▸ WHAT THE TASK ASKS
Reproduce the opening lines of the records exactly, up to and including the line in which "Christmas Tree Glass" occurs.

Short web captions:
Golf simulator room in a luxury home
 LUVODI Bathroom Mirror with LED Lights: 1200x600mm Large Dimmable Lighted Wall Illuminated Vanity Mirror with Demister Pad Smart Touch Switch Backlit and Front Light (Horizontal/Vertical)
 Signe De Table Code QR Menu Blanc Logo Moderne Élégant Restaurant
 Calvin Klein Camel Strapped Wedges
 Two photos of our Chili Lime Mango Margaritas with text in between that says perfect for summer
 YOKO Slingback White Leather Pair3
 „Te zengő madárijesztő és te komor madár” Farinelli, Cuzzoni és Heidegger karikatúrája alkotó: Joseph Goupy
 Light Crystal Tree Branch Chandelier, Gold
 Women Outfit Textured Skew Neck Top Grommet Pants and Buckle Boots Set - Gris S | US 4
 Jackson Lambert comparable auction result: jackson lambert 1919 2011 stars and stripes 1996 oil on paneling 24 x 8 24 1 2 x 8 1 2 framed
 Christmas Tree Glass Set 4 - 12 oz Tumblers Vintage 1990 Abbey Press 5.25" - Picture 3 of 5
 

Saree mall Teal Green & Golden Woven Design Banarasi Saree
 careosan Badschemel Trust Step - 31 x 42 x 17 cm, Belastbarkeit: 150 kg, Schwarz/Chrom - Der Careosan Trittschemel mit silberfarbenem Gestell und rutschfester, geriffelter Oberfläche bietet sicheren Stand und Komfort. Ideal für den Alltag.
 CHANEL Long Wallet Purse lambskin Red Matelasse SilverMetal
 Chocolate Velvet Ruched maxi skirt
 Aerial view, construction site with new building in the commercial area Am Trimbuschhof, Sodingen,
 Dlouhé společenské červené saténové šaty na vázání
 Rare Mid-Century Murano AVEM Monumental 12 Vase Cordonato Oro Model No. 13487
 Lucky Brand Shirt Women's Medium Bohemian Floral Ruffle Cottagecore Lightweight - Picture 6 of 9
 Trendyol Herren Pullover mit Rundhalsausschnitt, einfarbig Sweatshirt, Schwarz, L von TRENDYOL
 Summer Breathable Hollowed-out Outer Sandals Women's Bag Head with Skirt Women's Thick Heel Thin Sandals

▸ ANSWER BELOW
Golf simulator room in a luxury home
 LUVODI Bathroom Mirror with LED Lights: 1200x600mm Large Dimmable Lighted Wall Illuminated Vanity Mirror with Demister Pad Smart Touch Switch Backlit and Front Light (Horizontal/Vertical)
 Signe De Table Code QR Menu Blanc Logo Moderne Élégant Restaurant
 Calvin Klein Camel Strapped Wedges
 Two photos of our Chili Lime Mango Margaritas with text in between that says perfect for summer
 YOKO Slingback White Leather Pair3
 „Te zengő madárijesztő és te komor madár” Farinelli, Cuzzoni és Heidegger karikatúrája alkotó: Joseph Goupy
 Light Crystal Tree Branch Chandelier, Gold
 Women Outfit Textured Skew Neck Top Grommet Pants and Buckle Boots Set - Gris S | US 4
 Jackson Lambert comparable auction result: jackson lambert 1919 2011 stars and stripes 1996 oil on paneling 24 x 8 24 1 2 x 8 1 2 framed
 Christmas Tree Glass Set 4 - 12 oz Tumblers Vintage 1990 Abbey Press 5.25" - Picture 3 of 5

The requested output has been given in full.